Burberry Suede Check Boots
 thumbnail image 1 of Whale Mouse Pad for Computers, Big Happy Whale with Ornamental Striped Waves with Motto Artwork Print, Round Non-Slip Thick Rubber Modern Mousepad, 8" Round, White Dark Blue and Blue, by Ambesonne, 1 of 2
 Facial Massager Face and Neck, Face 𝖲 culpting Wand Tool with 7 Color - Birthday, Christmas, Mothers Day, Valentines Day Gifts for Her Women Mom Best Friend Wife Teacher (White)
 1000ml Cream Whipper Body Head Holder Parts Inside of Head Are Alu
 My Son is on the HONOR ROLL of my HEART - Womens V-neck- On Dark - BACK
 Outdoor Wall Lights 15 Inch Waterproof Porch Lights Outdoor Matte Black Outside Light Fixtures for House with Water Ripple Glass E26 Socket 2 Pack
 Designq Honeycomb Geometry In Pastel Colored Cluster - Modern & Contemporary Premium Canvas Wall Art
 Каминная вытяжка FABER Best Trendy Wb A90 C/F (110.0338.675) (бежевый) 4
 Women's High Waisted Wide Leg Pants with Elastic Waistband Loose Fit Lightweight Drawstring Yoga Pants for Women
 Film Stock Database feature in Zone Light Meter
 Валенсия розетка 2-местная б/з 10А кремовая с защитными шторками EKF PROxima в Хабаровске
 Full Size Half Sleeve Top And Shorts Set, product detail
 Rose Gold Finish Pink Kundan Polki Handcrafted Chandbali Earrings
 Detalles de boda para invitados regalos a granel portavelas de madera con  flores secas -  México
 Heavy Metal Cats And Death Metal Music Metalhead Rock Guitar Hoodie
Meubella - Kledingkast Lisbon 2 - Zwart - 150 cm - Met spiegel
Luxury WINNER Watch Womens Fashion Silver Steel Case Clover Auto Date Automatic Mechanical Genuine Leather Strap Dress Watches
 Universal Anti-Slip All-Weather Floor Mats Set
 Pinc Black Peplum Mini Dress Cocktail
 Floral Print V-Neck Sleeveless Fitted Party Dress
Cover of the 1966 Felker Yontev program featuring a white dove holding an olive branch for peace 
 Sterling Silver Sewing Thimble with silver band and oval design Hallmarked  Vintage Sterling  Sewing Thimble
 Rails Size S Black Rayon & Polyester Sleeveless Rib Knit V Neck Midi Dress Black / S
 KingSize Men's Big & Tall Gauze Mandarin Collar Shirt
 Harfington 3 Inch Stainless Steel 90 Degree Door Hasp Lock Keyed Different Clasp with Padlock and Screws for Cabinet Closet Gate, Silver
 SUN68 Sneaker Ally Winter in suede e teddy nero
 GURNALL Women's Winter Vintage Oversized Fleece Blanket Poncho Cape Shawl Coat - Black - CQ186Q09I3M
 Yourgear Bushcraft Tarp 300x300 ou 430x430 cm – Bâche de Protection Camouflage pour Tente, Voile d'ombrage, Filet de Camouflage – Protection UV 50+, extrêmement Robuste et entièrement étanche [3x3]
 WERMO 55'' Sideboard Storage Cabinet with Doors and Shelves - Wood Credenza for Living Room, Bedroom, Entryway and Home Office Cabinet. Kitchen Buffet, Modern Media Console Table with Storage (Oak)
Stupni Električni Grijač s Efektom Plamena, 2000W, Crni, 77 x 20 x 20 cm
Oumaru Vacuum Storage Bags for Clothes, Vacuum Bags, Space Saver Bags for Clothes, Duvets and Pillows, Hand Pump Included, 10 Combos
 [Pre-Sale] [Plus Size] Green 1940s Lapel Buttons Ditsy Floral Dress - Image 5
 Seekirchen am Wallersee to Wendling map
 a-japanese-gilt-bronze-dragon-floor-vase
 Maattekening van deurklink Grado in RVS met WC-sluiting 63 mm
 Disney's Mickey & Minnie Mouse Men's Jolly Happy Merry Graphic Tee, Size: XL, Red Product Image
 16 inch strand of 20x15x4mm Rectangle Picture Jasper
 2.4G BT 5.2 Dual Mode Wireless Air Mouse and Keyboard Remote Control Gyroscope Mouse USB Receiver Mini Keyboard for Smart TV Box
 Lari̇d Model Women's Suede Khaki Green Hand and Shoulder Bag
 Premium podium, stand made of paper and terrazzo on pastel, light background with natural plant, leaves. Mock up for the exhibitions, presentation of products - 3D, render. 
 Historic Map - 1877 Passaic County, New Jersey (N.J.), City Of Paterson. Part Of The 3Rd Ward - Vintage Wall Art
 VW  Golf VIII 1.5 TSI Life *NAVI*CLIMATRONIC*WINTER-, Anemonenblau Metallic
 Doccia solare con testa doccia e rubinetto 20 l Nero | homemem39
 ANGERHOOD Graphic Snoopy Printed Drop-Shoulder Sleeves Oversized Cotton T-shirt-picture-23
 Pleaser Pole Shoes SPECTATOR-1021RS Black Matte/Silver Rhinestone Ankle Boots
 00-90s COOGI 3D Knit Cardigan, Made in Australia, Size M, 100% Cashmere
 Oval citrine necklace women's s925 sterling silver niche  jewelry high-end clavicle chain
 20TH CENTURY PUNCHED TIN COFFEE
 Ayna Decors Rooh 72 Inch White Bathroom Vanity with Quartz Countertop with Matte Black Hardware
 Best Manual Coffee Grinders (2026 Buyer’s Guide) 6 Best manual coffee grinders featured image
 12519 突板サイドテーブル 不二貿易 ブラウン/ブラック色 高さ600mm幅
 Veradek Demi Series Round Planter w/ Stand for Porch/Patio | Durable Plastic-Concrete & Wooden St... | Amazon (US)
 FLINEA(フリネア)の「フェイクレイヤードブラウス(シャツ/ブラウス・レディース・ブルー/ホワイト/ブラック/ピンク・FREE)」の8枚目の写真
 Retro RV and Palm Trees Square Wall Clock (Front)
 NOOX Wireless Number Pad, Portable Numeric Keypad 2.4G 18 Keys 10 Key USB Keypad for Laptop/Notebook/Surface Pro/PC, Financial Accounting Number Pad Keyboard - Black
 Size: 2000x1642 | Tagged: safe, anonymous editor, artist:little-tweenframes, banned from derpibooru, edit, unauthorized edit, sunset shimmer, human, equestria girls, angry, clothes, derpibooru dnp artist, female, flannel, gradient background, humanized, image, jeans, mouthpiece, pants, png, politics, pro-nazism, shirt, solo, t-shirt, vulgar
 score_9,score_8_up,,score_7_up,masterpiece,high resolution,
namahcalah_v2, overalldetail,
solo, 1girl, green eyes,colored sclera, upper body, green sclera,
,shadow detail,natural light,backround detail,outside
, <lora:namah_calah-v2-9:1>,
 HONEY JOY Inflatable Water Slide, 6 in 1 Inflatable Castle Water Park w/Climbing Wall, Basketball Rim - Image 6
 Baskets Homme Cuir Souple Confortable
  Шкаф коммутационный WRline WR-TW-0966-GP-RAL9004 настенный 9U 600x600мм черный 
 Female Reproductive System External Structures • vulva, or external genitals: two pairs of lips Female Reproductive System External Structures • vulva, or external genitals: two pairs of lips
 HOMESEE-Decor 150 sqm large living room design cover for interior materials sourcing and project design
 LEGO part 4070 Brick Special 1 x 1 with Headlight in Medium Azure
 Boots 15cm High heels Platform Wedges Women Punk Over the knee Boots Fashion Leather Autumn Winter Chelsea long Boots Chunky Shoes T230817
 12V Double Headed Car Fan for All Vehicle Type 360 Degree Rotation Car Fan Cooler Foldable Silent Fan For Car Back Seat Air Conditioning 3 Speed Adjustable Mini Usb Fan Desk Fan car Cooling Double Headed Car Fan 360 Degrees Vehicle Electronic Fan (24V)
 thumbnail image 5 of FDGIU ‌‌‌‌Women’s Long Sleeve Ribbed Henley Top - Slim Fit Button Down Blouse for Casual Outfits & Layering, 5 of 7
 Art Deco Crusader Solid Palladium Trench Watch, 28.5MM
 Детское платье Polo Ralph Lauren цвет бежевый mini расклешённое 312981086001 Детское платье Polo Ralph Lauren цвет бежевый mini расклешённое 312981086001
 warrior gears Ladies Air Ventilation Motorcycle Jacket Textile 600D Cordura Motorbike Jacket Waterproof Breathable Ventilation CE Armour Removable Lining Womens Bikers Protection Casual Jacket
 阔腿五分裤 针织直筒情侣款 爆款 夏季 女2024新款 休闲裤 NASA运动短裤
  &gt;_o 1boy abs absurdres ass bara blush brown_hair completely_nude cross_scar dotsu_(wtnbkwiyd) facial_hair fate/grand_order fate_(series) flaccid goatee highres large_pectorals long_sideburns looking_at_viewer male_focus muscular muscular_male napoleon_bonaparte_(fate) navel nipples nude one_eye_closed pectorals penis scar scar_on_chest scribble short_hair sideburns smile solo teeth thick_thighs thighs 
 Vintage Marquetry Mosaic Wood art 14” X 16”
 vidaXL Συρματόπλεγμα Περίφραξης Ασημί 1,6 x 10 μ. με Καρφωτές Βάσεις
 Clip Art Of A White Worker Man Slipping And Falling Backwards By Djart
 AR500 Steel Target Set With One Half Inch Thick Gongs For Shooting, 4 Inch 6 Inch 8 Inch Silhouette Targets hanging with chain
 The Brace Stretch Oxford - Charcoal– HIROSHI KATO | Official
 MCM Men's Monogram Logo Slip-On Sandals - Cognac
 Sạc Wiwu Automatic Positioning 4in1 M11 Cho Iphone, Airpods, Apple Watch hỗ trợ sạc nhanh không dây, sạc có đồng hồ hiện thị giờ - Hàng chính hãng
--
[ABOUT THIS TASK]
Write down again the exact lines running from the beginning of the data to the line containing "Каминная вытяжка FABER", with both ends included.

[WRITTEN REPLY]
Burberry Suede Check Boots
 thumbnail image 1 of Whale Mouse Pad for Computers, Big Happy Whale with Ornamental Striped Waves with Motto Artwork Print, Round Non-Slip Thick Rubber Modern Mousepad, 8" Round, White Dark Blue and Blue, by Ambesonne, 1 of 2
 Facial Massager Face and Neck, Face 𝖲 culpting Wand Tool with 7 Color - Birthday, Christmas, Mothers Day, Valentines Day Gifts for Her Women Mom Best Friend Wife Teacher (White)
 1000ml Cream Whipper Body Head Holder Parts Inside of Head Are Alu
 My Son is on the HONOR ROLL of my HEART - Womens V-neck- On Dark - BACK
 Outdoor Wall Lights 15 Inch Waterproof Porch Lights Outdoor Matte Black Outside Light Fixtures for House with Water Ripple Glass E26 Socket 2 Pack
 Designq Honeycomb Geometry In Pastel Colored Cluster - Modern & Contemporary Premium Canvas Wall Art
 Каминная вытяжка FABER Best Trendy Wb A90 C/F (110.0338.675) (бежевый) 4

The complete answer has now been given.